Myanmar: Aung San Suu Kiy vince le elezioni di medio termine

Creato il 05 aprile 2012 da Yleniacitino @yleniacitino

da ragionpolitica.it

Chi l’avrebbe mai detto che uno Stato come il Myanmar, più conosciuto come Birmania, potesse diventare il simulacro presente del successo di una donna, paladina dei diritti umani, prima bistrattata, imprigionata, torturata e, poi, acclamata dal suo popolo. Aung San Suu Kiy, premio Nobel per la pace, ce l’ha fatta. Potendo finalmente prendere parte alle elezioni di medio termine del Parlamento birmano (45 seggi vacanti da coprire), la Lega Nazionale per la Democrazia, storico partito di opposizione di cui Suu Kyi è leader, ha conquistato ben 40 seggi.

Una svolta memorabile per un Paese che dal 1962 è governato da una pesante dittatura militare.Un maxischermo installato fuori dalla sede del partito ha proiettato in diretta i risultati parziali dello spoglio delle schede, facendo saltare di gioia quella folla che non credeva ai propri occhi. Non ci credeva, perché la LND aveva boicottato per protesta le elezioni precedenti e ufficialmente non era sulla scena politica dal 1990, anno in cui si erano tenute le prime «elezioni libere». Proprio allora, infatti, il partito della Suu Kyi aveva conquistato uno sbalorditivo 80% di seggi, poi illegittimamente mantenuti dai militari al potere. Certo, i 40 seggi di oggi, su un totale di 1160, sono briciole.

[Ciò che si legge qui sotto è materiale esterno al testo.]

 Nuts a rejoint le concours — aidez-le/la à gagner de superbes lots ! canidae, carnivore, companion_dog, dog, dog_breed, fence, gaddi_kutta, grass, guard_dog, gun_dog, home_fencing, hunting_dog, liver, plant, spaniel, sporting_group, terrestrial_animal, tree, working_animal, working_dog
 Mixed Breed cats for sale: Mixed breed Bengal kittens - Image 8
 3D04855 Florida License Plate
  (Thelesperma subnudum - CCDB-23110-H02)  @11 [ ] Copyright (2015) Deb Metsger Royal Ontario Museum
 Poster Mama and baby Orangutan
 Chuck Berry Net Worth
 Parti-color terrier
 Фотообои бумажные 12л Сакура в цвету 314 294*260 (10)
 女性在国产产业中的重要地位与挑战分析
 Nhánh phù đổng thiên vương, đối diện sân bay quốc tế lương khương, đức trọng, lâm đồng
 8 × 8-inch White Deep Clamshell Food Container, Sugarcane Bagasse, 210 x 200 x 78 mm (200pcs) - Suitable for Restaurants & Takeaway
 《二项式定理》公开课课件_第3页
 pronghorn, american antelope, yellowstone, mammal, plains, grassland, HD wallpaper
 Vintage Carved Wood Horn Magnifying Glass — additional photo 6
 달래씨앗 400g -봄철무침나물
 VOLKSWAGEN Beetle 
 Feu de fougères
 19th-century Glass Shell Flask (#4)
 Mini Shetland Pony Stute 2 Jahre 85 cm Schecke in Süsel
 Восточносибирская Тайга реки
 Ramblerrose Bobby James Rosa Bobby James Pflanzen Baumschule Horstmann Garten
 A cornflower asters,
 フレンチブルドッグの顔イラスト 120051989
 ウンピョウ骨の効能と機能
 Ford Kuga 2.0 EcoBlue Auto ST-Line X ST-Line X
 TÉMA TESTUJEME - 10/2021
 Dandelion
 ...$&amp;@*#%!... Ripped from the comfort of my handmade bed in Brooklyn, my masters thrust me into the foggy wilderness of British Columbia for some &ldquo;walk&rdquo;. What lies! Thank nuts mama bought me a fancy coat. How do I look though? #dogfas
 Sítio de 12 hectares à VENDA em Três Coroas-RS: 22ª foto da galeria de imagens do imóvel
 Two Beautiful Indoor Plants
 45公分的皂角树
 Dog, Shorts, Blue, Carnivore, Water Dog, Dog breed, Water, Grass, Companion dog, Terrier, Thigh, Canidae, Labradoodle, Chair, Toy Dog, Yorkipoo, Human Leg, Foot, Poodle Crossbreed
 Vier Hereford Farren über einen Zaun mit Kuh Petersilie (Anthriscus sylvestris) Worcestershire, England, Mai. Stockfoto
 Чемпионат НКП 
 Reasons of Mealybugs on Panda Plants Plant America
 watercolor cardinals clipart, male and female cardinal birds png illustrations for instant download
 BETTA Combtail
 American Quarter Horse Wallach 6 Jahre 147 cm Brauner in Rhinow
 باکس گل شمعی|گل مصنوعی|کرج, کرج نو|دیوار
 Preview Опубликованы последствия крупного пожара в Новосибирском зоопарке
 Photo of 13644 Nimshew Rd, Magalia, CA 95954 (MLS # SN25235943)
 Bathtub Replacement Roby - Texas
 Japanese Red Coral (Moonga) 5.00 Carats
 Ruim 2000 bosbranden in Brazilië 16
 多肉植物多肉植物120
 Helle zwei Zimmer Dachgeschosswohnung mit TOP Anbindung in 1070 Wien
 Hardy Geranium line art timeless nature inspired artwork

Suu Kyi difficilmente potrà influenzare un Parlamento in cui il 25% dei membri è nominato (sic!) dalla classe militare. Ma se si considerano solo i numeri per i quali si è tenuta la competizione elettorale, la soglia di rappresentatività ottenuta dalla LND è del 91% dei votanti. Suu Kyi non può che gioirsi di questo risultato, ma deve anche tenere in considerazione un rischio. Dopo le pesanti ripercussioni della Rivoluzione dello Zafferano, guidata dai monaci buddhisti, il governo birmano ha iniziato un processo di ripensamento delle proprie modalità di gestione del potere. La cattiva reputazione che si era fatto negli ambienti diplomatici era, infatti, sfociata in una serie di misure sanzionatorie e in un pericoloso isolamento, deleterio su un’economia già fiaccata dal sovrappopolamento e dai danni enormi provocati dal ciclone Nargys del 2008. Così, in quello stesso anno si era dato il via alle prime riforme: un referendum aveva, infatti, promesso delle leggi che avrebbero fatto rifiorire la democrazia. Ogni illusione sfumò, poi, quando l’unica cosa che si portò a termine fu l’inserimento nel nome ufficiale dello Stato della parolina magica «Repubblica». Ma la forma non era sufficiente ad incidere sulla sostanza. Tant’è che le elezioni del 2010 ricevettero unanime censura dalle Nazioni Unite e dai paesi occidentali, in quanto elezioni-farsa in cui il partito spalleggiato dai militari aveva ottenuto il 77% dei voti. Le riforme erano, poi, continuate nel segno del cambiamento del sistema economico in senso più liberale. L’ultimo grande passo è coinciso con la liberazione della nemica principale da parte dei suoi detrattori: Aung San Suu Kyi. Ma di prigionieri politici ce ne sono ancora troppi e le insurrezioni locali vengono comunque represse duramente.

Il rischio è, dunque, che l’attenzione venga dirottata verso una finta guarigione del Paese, per nascondere alle nazioni con cui si vorrebbe riprendere a fare affari ciò che continua ad accadere sotto la superficie. L’esito di questa strategia è facilmente intuibile: cedendo solo 40 seggi all’opposizione, l’establishment militare birmano potrebbe ottenere il riconoscimento della legittimità del suo governo, oltre che un allentamento delle pressioni economiche e degli embarghi. Tutto, allora, è rimesso nelle mani di una donna, una leader che ha saputo resistere agli oltraggi e alle diffamazioni gratuite, e che, oggi più che mai, dovrà difendere negli opachi palazzi istituzionali i diritti di quegli individui che continuano a subire intollerabili violazioni.